TO HANDLE THE COLD WAR, PAKISTAN NEEDS WORLD CLASS LEADERSHIP
We should not judge multi-faceted crises of Pakistan including perennial wave of suicide attacks in isolation because rapidly developing geo-political differences among regional and global powers in Asia show that the next cold war which is in its embryonic stage is likely to be waged between the Russia-China alliance and the US-led nations, while Pakistan has already become its arena.
Despite cooperation, disagreements exist between Washington and Beijing over Chinese export of missile technology, human rights and Taiwan issue. American strategic thinkers take China’s military modernisation as a great threat to its military bases in the continent.
Some new developments have also revived the old animosity between Russia and the USA. Apart from differences over American occupation of Iraq and its national missile defence system (NMD), in August 2007, America blamed Russia in connection with an incident of a missile, dropped on Georgian soil. In that backdrop, the then Russian President Putin had openly stated that his country was returning to its Soviet era practice of sending long-range bomber aircraft on regular patrols near NATO airspace.
Now, it seems that differences of the US with Russia and China are moving from strategic partnership to strategic competition. Notably, it was due to Moscow-Beijing stand in the UN Security Council that the US could not succeed in imposing tough economic sanctions on Iran which is determined to continue its nuclear programme.
On 16 August 2007, during the annual summit, leaders of the Shanghai Cooperation Organisation (SCO) displayed their strength against the rising dominance of the US in the region, calling for a multi-polar system in the world. The Russian President Putin had even proposed defence cooperation among the member states. Pakistan and Iran also participated in the summit as observers and are expected to get permanent membership. The SCO is seen as anti-American club, which is also against the NATO military presence in Afghanistan, near the region of Central Asia which is replete with oil and gas.
Last year, Islamabad and Tehran signed the Iran-Pakistan-India (IPI) gas pipeline project without New Delhi as the latter was reluctant in this context owing to its pro-US tilt.

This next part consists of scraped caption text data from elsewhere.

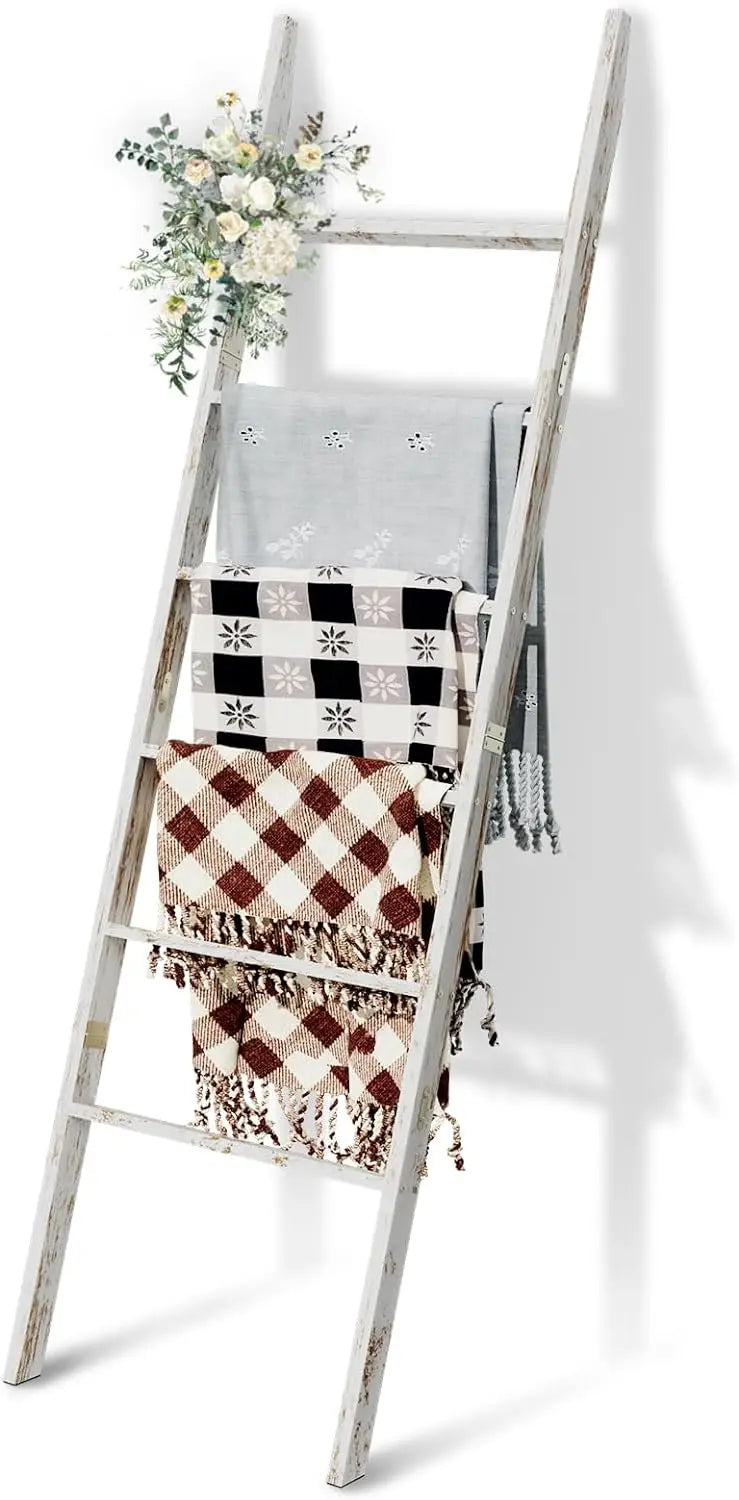 6-Tier Blanket Ladder Wooden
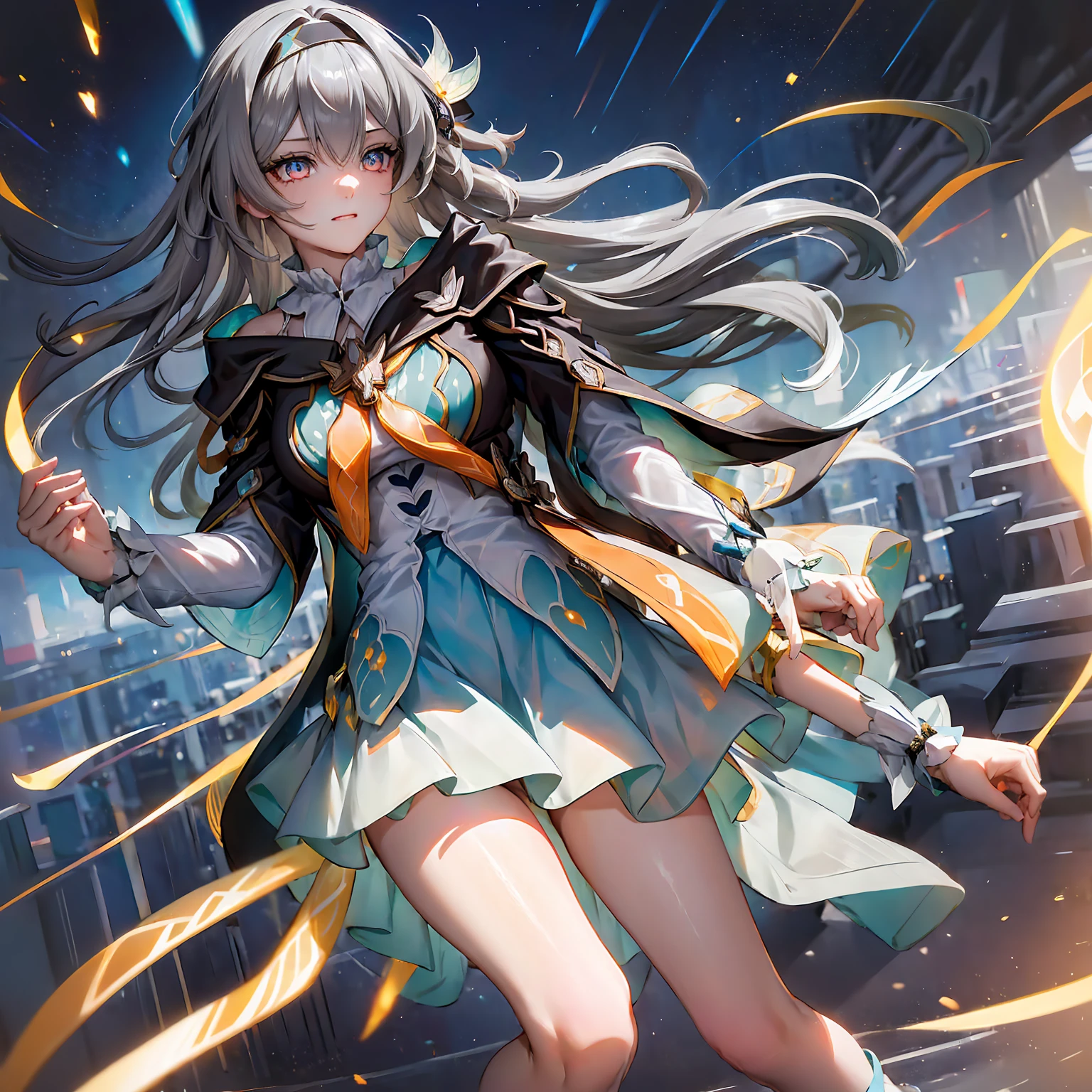 (masterpiece,best quality)best resolusion,2head:1.5,2 girl,stelle character,firefly character,long gray hair,gray eyes,yellow eyes,Head accessories,wearing thin white clothes,wearing an open black jacket with a yellow top pattern,wearing a blue dress with white on the sleeves and under the chest and black cloth on the shoulders with gold patterns,wearing a two-pronged orange tie,normal breasts,The thighs of the legs are covered with blue cloth with the top edge being white,simple background,HDR,4K,ulta high res,perfect lighting,colored,beautiful face,beautiful hair,beautiful eyes,beautiful body, beautiful hand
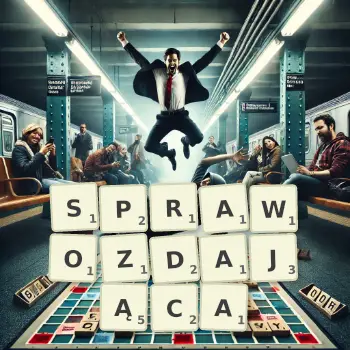 Kreatywna ilustracja do gry w Scrabble ze słowem SPRAWOZDAJĄCA ułożonym z płytek na planszy.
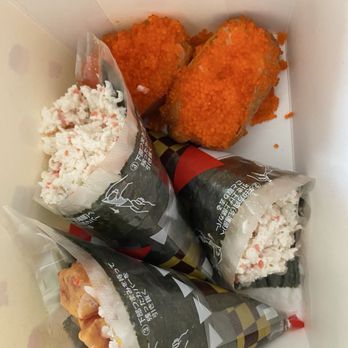 Inari Factory - Tobikko Inari Bomb and Spicy Tuna and Crab Salad Handrolls - Japanese Near Me - Honolulu, Hawaii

As regards India, frustrated in achieving its aims of getting the status of superpower power, Indian rulers have now openly started threatening Pakistan and China with war. In this context, Indian Army Chief General Deepak Kapoor vocally revealed on December 29, 2009 that Indian Army “is now revising its five-year-old doctrine” and is preparing for a “possible two-front war with China and Pakistan.”
India which successfully tested missile, Agni-111 in May 2007, has been extending its range to target all the big cities of China.
In fact, Pakistan’s province, Balochistan where China has invested billion of dollars to develop Gwadar seaport which could link Central Asian trade with rest of the world, irritates both Washington and New Delhi.It has even shifted the central gravity of the Great Game to Pakistan.
On the other hand, China has signed a number of agreements with Pakistan to help the latter in diverse sectors. So Sino-Indian cold war is part of the prospective greater cold war between the US and China.
America which signed a nuclear deal with India in 2008, intends to make India a great power of Asia to contain China and destablise Pakistan as well as Iran.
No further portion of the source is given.